RECORDS SHOWN:
++++++++

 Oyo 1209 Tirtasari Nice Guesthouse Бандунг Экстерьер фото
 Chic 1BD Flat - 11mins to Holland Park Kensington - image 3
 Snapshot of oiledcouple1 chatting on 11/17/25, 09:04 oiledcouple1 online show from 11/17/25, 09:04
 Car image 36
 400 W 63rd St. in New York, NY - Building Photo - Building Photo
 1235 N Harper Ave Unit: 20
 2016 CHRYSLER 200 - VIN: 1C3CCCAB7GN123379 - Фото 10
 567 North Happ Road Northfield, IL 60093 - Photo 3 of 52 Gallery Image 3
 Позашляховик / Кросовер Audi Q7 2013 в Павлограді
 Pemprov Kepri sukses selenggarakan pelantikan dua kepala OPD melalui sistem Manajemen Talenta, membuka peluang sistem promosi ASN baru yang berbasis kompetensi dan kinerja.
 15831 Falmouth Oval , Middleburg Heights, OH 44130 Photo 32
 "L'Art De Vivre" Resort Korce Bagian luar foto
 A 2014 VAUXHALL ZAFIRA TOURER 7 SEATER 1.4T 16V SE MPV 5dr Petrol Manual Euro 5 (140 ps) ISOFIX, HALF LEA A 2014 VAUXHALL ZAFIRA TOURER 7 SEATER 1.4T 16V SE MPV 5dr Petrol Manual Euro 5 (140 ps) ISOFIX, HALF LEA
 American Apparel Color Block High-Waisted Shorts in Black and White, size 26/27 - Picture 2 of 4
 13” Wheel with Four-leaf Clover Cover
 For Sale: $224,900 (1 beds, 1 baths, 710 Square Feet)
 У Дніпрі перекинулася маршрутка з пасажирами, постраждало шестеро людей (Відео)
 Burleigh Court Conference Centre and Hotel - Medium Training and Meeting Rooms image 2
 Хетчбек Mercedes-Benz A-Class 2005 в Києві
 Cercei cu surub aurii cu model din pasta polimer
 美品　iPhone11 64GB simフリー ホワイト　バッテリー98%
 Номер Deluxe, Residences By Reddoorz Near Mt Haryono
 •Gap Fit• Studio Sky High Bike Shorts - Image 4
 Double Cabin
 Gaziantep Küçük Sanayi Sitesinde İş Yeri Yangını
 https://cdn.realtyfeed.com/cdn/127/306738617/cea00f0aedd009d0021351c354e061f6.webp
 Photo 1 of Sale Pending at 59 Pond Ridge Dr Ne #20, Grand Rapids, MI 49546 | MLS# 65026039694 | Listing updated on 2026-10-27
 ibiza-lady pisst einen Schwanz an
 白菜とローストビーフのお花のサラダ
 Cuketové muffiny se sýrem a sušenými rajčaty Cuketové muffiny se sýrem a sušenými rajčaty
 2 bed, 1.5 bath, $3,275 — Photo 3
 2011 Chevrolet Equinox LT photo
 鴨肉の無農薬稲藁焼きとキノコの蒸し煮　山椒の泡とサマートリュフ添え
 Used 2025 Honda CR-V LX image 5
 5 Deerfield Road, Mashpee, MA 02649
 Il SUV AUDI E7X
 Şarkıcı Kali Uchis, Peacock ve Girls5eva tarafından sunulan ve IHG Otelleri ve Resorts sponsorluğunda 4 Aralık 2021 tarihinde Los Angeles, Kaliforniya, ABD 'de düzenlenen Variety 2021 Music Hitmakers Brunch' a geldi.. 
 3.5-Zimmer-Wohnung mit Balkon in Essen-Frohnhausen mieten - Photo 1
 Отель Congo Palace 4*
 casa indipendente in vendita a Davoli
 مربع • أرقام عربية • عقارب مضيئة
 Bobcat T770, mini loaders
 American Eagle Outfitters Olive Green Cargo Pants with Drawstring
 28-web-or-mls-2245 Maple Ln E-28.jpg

++++++++

WHAT IS NEEDED: Determine the number of lines in these entries that contain the word "Sale", and write only that number.

WRITTEN RESPONSE: 2